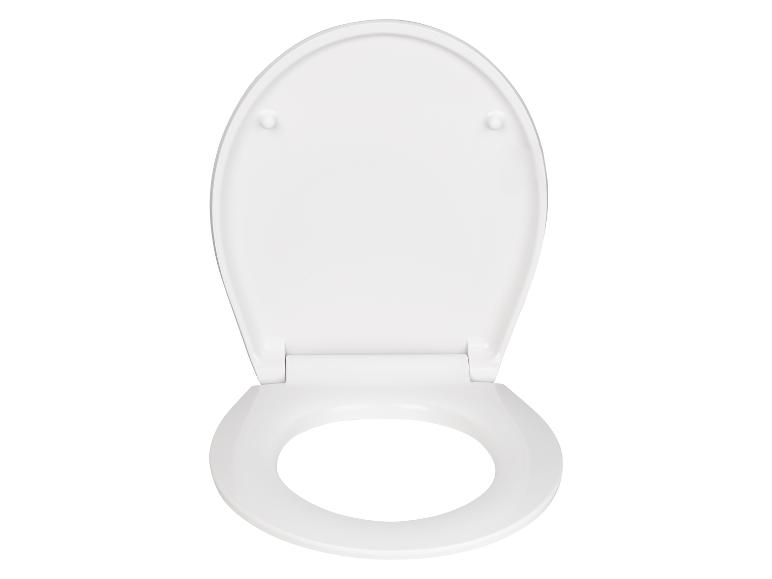 Biała, ceramiczna deska sedesowa.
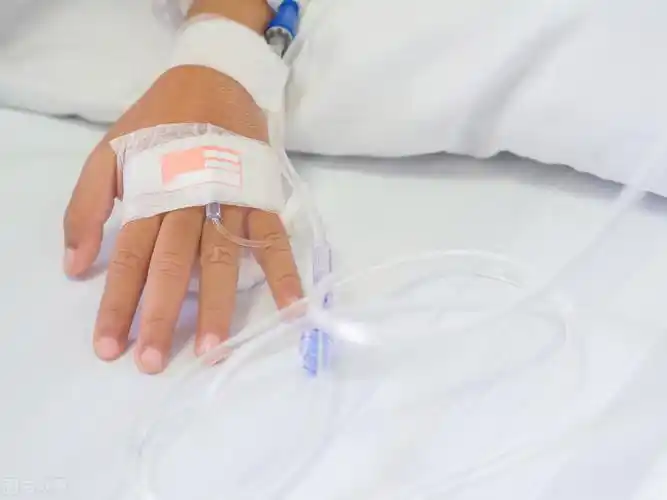 孩子发热是吃药好还是打针好,作为父母,你需要懂得这些应急处理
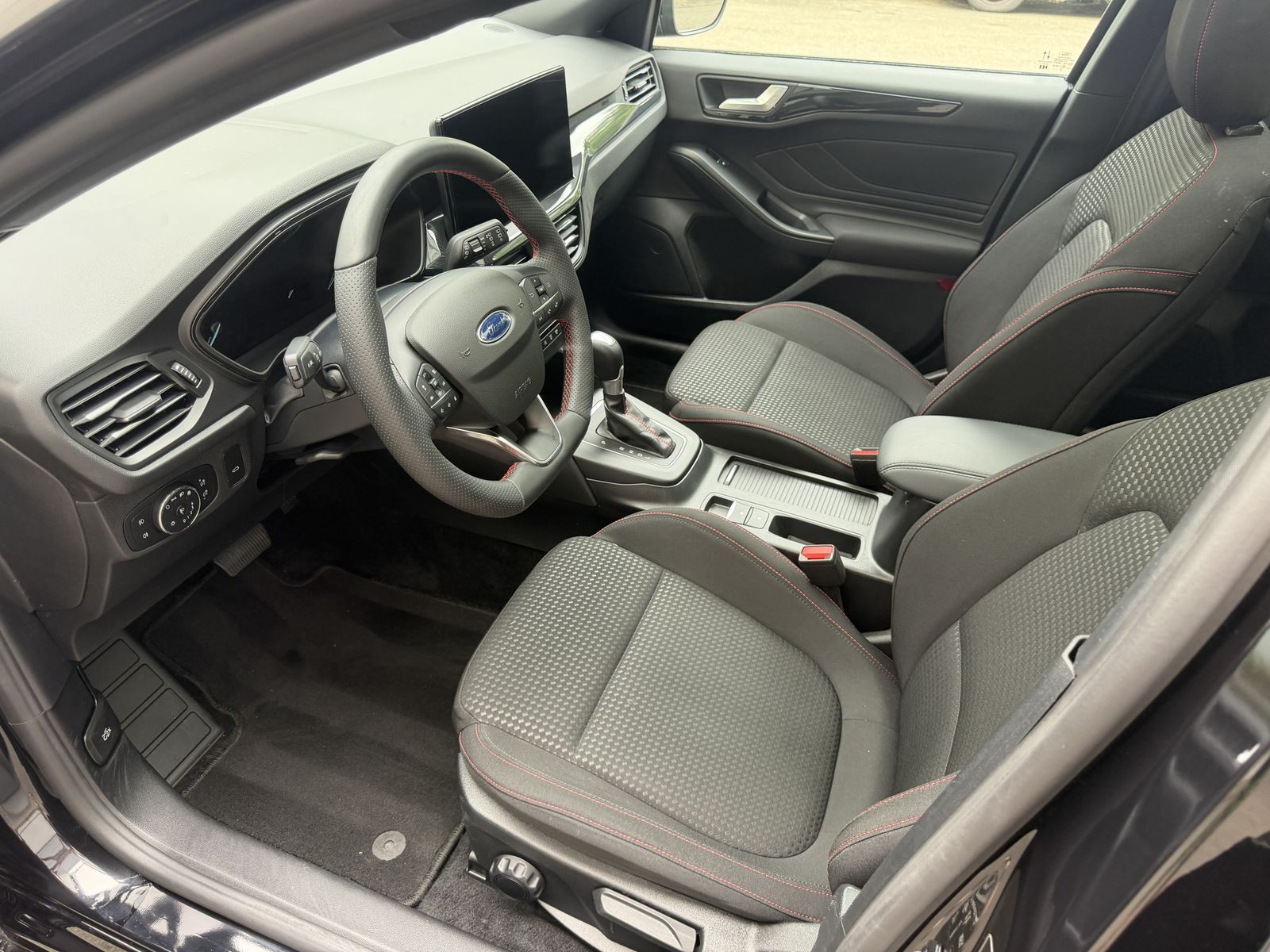 Ford Focus ST-Line LED Navi ACC-Tempomat Pano Kamera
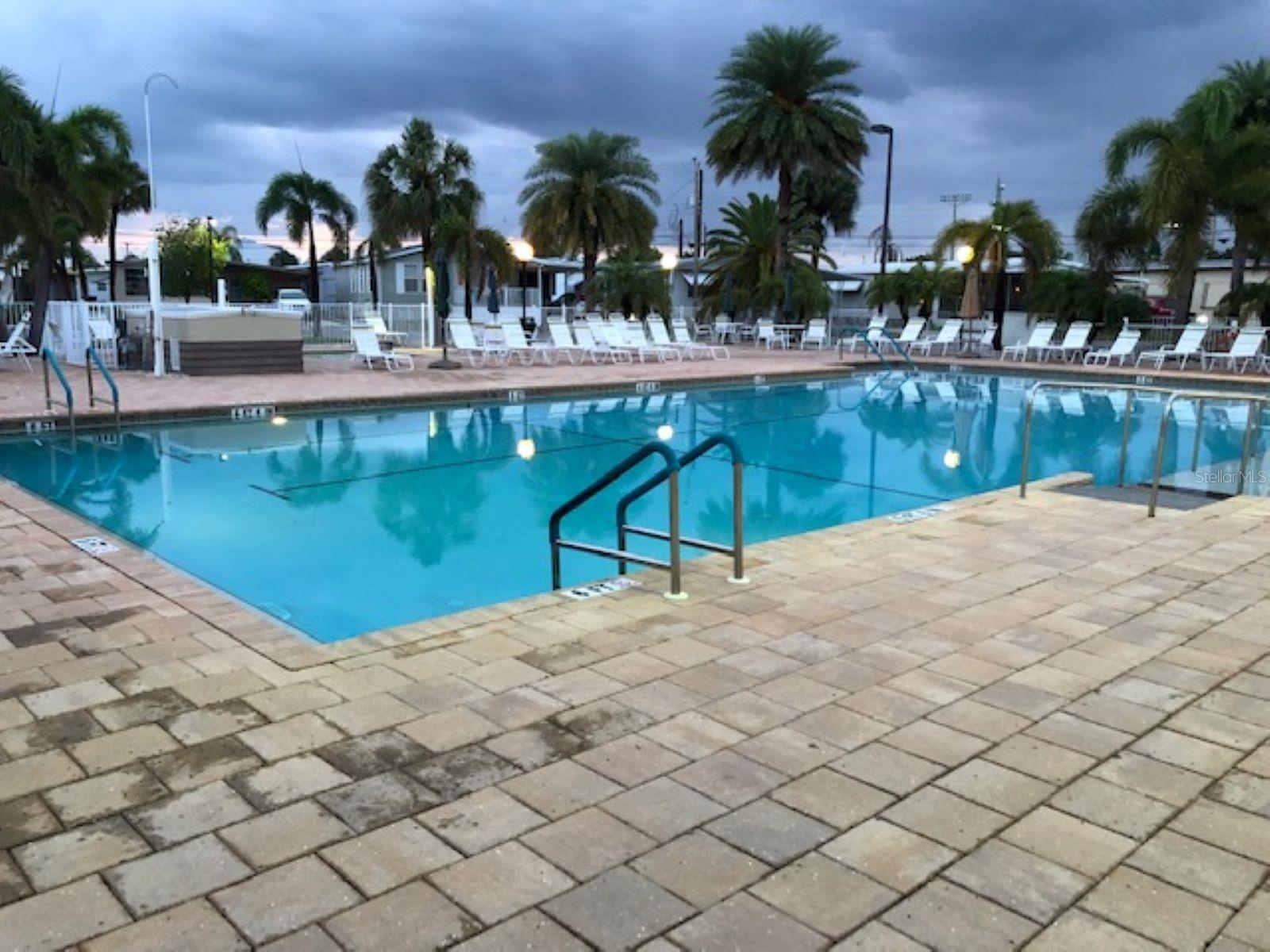 COUNTRY CLUB ESTATES - Land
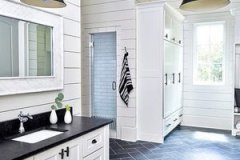 poolhousebath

**EXERCISE:**
Nothing but an exact transcription of the material, without pictures, should be returned.

**REPLY:**
 Biała, ceramiczna deska sedesowa.
 孩子发热是吃药好还是打针好,作为父母,你需要懂得这些应急处理
 Ford Focus ST-Line LED Navi ACC-Tempomat Pano Kamera
 COUNTRY CLUB ESTATES - Land
 poolhousebath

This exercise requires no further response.